Since this test only tests the types, it could be a compile.pass.cpp. But I see the other deduction tests are a pass.cpp. They also test whether the result is the expected result. Can you also add the other character types in this test? For example have a look at libcxx/test/std/strings/basic.string/string.cons/string_view_deduction.pass.cpp

32

Why do you want to test with int?

34

There should be a return 0;. On some platforms this is even required for main.

libcxx/test/std/strings/string.view/string.view.cons/from_iterator_iterator.pass.cpp
20

Here it would be nice to add a test for all character types. This can be done using templates. You can use MAKE_CSTRING from libcxx/test/support/make_string.h to create the val based on a template argument.

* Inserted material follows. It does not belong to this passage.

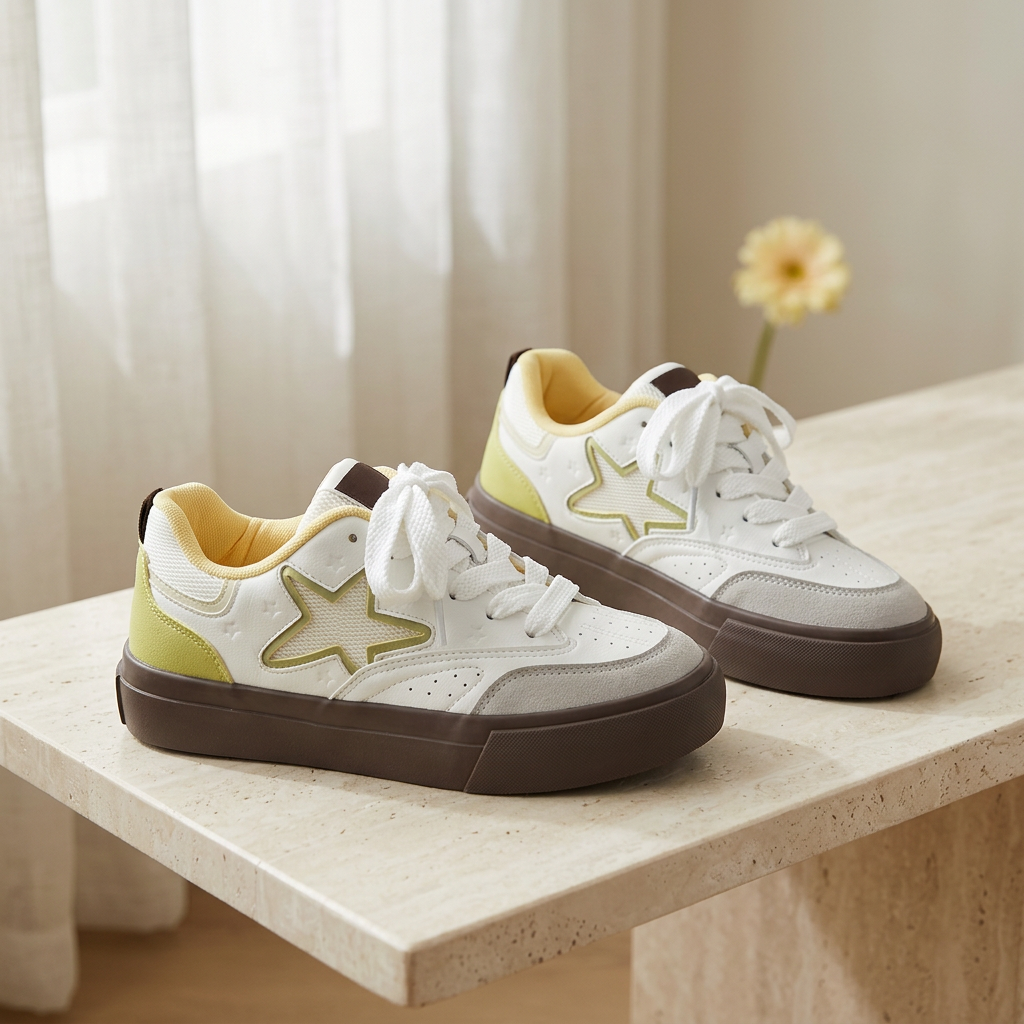 Green star sneakers editorial lifestyle shot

This revision now requires changes to proceed.Sep 29 2021, 12:13 PM
jloser updated this revision to Diff 376002.Sep 29 2021, 12:48 PM

Test other character types
Address other review feedback

jloser marked 3 inline comments as done.Sep 29 2021, 12:52 PM
jloser added inline comments.
libcxx/test/std/strings/string.view/string.view.cons/deduct.pass.cpp
10

Are you sure? Without the XFAIL, I was seeing CI failures only for AppleClang 12.0.0 as it couldn't resolve contiguous_iterator from what I could tell. The build failure link is https://buildkite.com/llvm-project/libcxx-ci/builds/5619.

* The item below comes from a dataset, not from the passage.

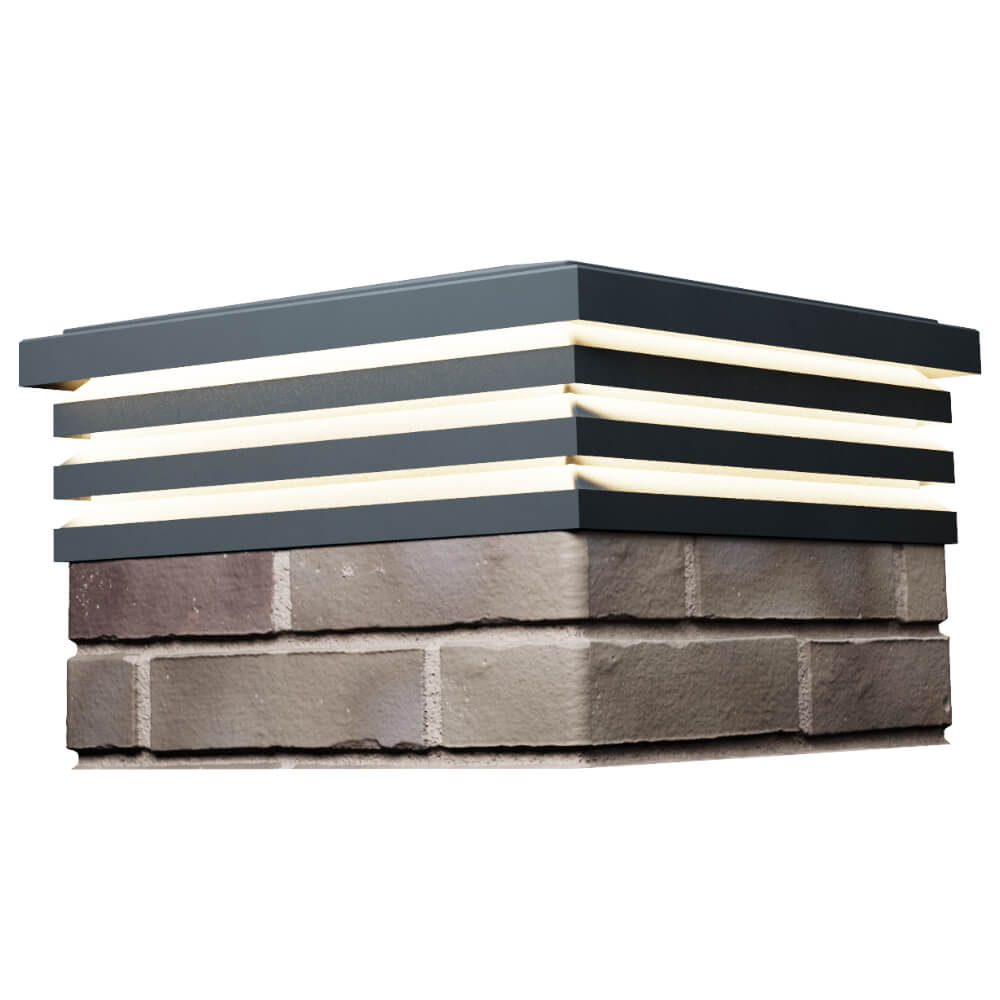 Колпак Zking Бона ХайТек Серый на столб 1.5х1.5 кирпича (385х385мм) с подсветкой в Волгограде фото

BTW, we're about to drop support for AppleClang 12.0.0 as I talked with @ldionne the other day. AppleClang 13.0.0 just came out on 9/20 IIRC which has full support for concepts and then we can remove this XFAIL.

26

Added other character types and also test the result now. Good call!

32

Just as another character type. I decided to stick with char, wchar_t, and friends instead now.

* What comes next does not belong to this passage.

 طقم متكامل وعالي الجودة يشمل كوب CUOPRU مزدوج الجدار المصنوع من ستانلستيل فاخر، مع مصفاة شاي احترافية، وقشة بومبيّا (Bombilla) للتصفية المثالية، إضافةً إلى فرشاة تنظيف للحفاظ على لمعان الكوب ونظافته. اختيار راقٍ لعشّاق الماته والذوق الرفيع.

libcxx/test/std/strings/string.view/string.view.cons/from_iterator_iterator.pass.cpp
20

Added a test for a variety of other character types. I added a MAKE_STRING_VIEW macro so our test function can be used in a constexpr context still (since we don't have fully constexpr string yet). This allows me to have static_assert(test())) work still.

jloser updated this revision to Diff 376007.Sep 29 2021, 12:54 PM
jloser marked 2 inline comments as done.

Test the result in deduct.pass.cpp
Don't rely on deduction guide in from_iterator_iterator.pass.cpp

ldionne requested changes to this revision.Sep 29 2021, 3:02 PM
ldionne added inline comments.
libcxx/include/string_view
281
693
libcxx/test/std/strings/string.view/string.view.cons/deduct.pass.cpp
10

Actually, I believe @Mordante is correct here. We can remove the XFAIL: apple-clang-12 since libcpp-no-concepts handle it. What you were seeing in https://buildkite.com/llvm-project/libcxx-ci/builds/5619 is a failure to build the library, we were not even getting to this test.

This revision now requires changes to proceed.Sep 29 2021, 3:02 PM
jloser updated this revision to Diff 376052.Sep 29 2021, 3:10 PM

Remove XFAIL: apple-clang-12.0.0
Adjust #ifdefs to require ranges support

jloser marked 5 inline comments as done.Sep 29 2021, 3:12 PM
Mordante accepted this revision as: Mordante.Sep 30 2021, 9:33 AM

LGTM, except for some small details.

libcxx/test/std/strings/string.view/string.view.cons/deduct.pass.cpp
35

char8_t should be guarded by #ifndef _LIBCPP_HAS_NO_CHAR8_T.

libcxx/test/std/strings/string.view/string.view.cons/from_iterator_iterator.pass.cpp
23

This function can be a void.

libcxx/test/support/make_string.h
61 ↗(On Diff #376052)

Please align the \ at the end of the line.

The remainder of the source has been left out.